A local car audio shop will likely have (or be able to get) these and may cut you a deal. We have boxes and boxes and boxes of these things.


----------



## Brian_smith06 (Jan 31, 2008)

SQLnovice said:


> Brian, for some reason I taught it was for 1 set. However, I just double check and realized, it's for a pair. That's a price I like. I'll be ordering these and get it done right the first time. Thaks


It is a hair unclear on their site. I too would have been apprehensive of spending 50 on these for a pair of mids. 25 on the other hand


----------



## SQLnovice (Jul 22, 2014)

I was going to ordered from another site just to show my support because i've watched some of their videos. However, the shipping was $18.00. So I ended up ordering from another site with free shipping.


----------



## yeldak99 (Mar 5, 2008)

SQLnovice said:


> I was going to ordered from another site just to show my support because i've watched some of their videos. However, the shipping was $18.00. So I ended up ordering from another site with free shipping.



Link?


----------



## Brian_smith06 (Jan 31, 2008)

yeldak99 said:


> Link?


ditto!


----------



## SQLnovice (Jul 22, 2014)

yeldak99 said:


> Link?


I ended up ordering form the link in the first post. 
Or are you referring to the one that charged $18.00 shipping?


----------



## SQLnovice (Jul 22, 2014)

Here is a little copy/paste from my shopping cart.


miami, FL 33143
United States
Use as preferred shipping address
Shipping method: Standard Shipping (2-6 Days) $18.00 USD

Loading...
Note to seller:
Payment methods
Payment Method
PayPal Smart Connect$42.99 USD

Don't want to post the site on here, but if anyone is interested, pm me and i'll reply.


----------



## SkizeR (Apr 19, 2011)

SQLnovice said:


> Here is a little copy/paste from my shopping cart.
> 
> 
> miami, FL 33143
> ...


why not post it?


----------



## Alrojoca (Oct 5, 2012)

The hot trend and popularity of these things is getting out of proportion and someone is cashing on that, good for them. With shipping it adds up.

They eliminate the guessing work but, they are not necessary in all cases, mine included since the door card grill has a plastic ring that if using the correct ring baffle spacer the sound gets sealed having nowhere to go, a tiny strip of foam or CLD on that door card ring may eliminate the resonance and provide the same benefit.

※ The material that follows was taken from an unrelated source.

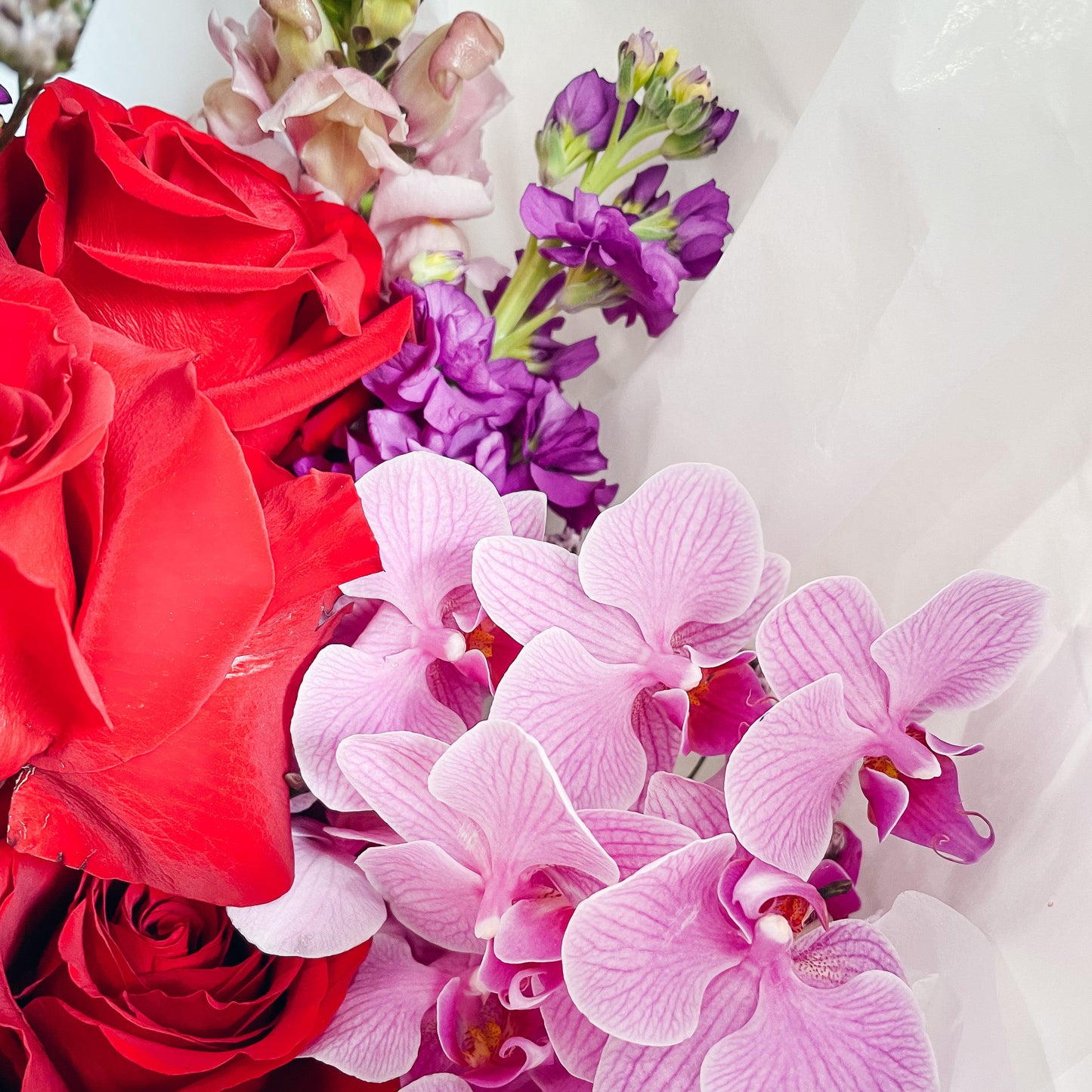 KISS ME - Bold Pink and Red Luxury Bouquet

Two of these cut stretched and doubled should do the same job as the fast rings, except the F rings include extra foam for the magnet and outer door where open cell foam should not be used. There might be other filters with better foam on line

Multi-Fit, Foam Filter Sleeve, VF2001 at The Home Depot - Tablet

The ones interested, should start a group buy to save on shipping and hope to pay less for the F rings.


----------



## SQLnovice (Jul 22, 2014)

Here you go. I just didn't want to start anything. However, on second taught, I don't have any agenda i'm consciously aware of. 

F.A.S.T. Rings - Mobile Solutions - USA


----------



## SkizeR (Apr 19, 2011)

SQLnovice said:


> Here you go. I just didn't want to start anything. However, on second taught, I don't have any agenda i'm consciously aware of.
> 
> F.A.S.T. Rings - Mobile Solutions - USA


interesting. only thing they sell that isnt way overpriced


----------



## Jepalan (Jun 27, 2013)

The patent tells all.
https://www.google.com/patents/US8739921

They are made out of 1.8 lb open-cell foam.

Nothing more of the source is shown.